Set in 1988, the horror-slasher returns to Shadyside just in time for prom season. The classic clique of popular girls, who go by the Wolf Pack at Shadyside High, compete viciously with one another for prom queen. However, when a gutsy outsider (India Fowler) unexpectedly earns a nomination for the crown and her competitors begin mysteriously disappearing, the class of ’88 finds itself suddenly in for one hell of a prom night. The film seems to have all the makings for an entertaining, if not a bit campy, slasher, but Prom Queen fails to live up to the Fear Street series pedigree established in 2021.

Viewers and Critics Agree: Prom Queen is a Dud
The film’s problem stems from its uninventive recycling of genre and period tropes, with nothing fresh and compelling to offer like the original Fear Street. ComicBook’s review of the film points out where Prom Queen falls short: “Either through the lenses of romantic love or sorority, each Fear Street movie told a story that was essentially about women loving and supporting each other. On the contrary, the new installment is about the petty disputes of high school girls who are never given more than one or two personality traits.”
Related: Fear Street: Prom Queen Connects With the Trilogy in the Weirdest Way
Rotten Tomatoes user Mirza M laments, “Fear Street: Prom Queen is an uninspired slasher that offers neither the inventive thrills of its predecessors nor the rich mythology that made the series so compelling.” The film is a bitter disappointment, since we know Netflix can nail both horror and a period setting even outside the R.L. Stine-inspired film series with their juggernaut Stranger Things.
Fear Street: Prom Queen, a Victim of Franchise Fatigue?

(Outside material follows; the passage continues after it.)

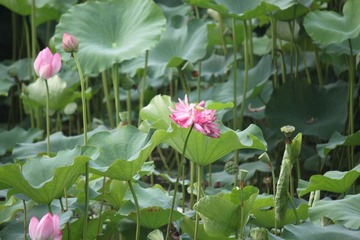 IMG_0868.JPG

The 10-million-plus viewers who pressed play must have figured that co-writer/director Matt Palmer’s movie would deliver similar bone-chilling delights, yet the consensus is clear: Prom Queen doesn’t measure up. What makes the letdown all the more painful is that Netflix took four years to release a follow-up to the beloved series, and the result feels like a slapdash, lazy slasher that may well be remembered as a stain on the Fear Street series’ name. Though Prom Queen has a strong showing this weekend, only time will tell if it’ll continue to grab such large swaths of viewers with its poor reviews in the coming days.
Fear Street: Prom Queen is currently streaming on Netflix.